The Abu Dhabi National Oil Company's foreign investment arm XRG, alongside Abu Dhabi sovereign fund ADQ and private equity firm Carlyle, had in June floated a figure of $US5.262 ($7.92) per share, or $30 billion.

But the acquisition talks dragged on for months and finally broke down this week, the third time in the past seven years a transaction involving Santos has fallen through.

Gas
Takeover talks collapsed as political commentary grew over government approval of the foreign bid. (Joel Carrett/AAP PHOTOS)

"While the consortium maintains a positive view of the Santos business, a combination of factors, when considered collectively, have impacted the consortium's assessment of its indicative offer," the group said on Wednesday evening.

"While disappointed not to move forward, XRG, and its consortium partners, are responsible, disciplined investors with a clear focus on creating value for our shareholders and driving long-term growth."

E&P analyst Adam Martin said the coalition may have realised that Australia's Foreign Investment Review Board was unlikely to approve the transaction given the political commentary that appeared to be growing around the deal, which would have put Santos' critical gas assets in WA and on the east coast in foreign hands.

"There will be speculation that XRG has 'found things' during due diligence," Mr Martin added. That was likely, he said, but he doubted they were material.

"Either way, another failed transaction creates doubt in the market," he said.

LNG
One analyst thinks Santos unlikely to keep its current form with some investors calling for a split. (Lukas Coch/AAP PHOTOS)

A year and a half ago, $80 billion merger talks with Perth-based Woodside Energy broke down, reportedly after the two sides could not agree on a valuation level.

Six years before that, in May 2018, Santos rejected a $14.4 billion final offer to be taken private by US private equity group Harbour Energy and terminated discussions.

Mr Martin said it was unlikely Santos would remain in its current form with investors and management looking for ways to create value.
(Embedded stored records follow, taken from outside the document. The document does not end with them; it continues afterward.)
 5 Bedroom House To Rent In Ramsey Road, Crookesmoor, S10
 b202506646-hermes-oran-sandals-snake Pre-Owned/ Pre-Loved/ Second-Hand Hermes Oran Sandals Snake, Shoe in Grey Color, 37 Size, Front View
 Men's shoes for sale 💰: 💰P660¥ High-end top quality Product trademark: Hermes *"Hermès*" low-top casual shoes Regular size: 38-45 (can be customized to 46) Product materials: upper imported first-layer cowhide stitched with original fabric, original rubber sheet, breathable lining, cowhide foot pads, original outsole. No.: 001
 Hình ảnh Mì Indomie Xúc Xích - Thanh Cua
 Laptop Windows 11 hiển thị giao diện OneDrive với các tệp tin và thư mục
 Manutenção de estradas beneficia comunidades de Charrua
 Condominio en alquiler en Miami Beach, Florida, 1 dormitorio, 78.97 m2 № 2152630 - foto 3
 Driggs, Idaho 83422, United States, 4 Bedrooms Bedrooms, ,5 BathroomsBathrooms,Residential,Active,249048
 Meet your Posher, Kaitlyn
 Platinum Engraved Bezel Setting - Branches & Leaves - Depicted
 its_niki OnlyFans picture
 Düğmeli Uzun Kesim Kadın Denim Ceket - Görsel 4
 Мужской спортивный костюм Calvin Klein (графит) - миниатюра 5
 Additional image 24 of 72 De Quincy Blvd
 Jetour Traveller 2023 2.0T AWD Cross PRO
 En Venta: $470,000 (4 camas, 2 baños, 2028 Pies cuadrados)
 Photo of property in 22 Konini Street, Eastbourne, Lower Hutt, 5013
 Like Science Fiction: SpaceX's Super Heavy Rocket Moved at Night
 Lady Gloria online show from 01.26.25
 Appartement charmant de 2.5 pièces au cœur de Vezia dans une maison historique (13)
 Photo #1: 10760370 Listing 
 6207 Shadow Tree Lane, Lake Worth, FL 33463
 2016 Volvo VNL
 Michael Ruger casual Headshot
Some institutional investors advocate Santos split itself, breaking its liquefied natural gas assets into a separate company.

Santos chair Keith Spence
Santos chair Keith Spence emphasised the group's strong free cashflow and low-cost operating model. (Matt Turner/AAP PHOTOS)

Santos on Thursday highlighted that the XRG consortium had confirmed it maintained a positive view of its business and "respect for its management team".

The XRG consortium wouldn't agree to an appropriate allocation of risk between itself and Santos shareholders to finalise a scheme of implementation agreement, it added.

"This included the obligation of the XRG consortium to secure regulatory approvals and the provision of a reasonable commitment to the development and supply of domestic gas."

Santos chair Keith Spence emphasised the group's "low-cost operating model" and strong free cashflow.

"Our strategy is clear: generate cash, reward shareholders, reinvest to backfill and sustain our infrastructure, and build and grow our production, while continuing to operate safely and reliably," he said.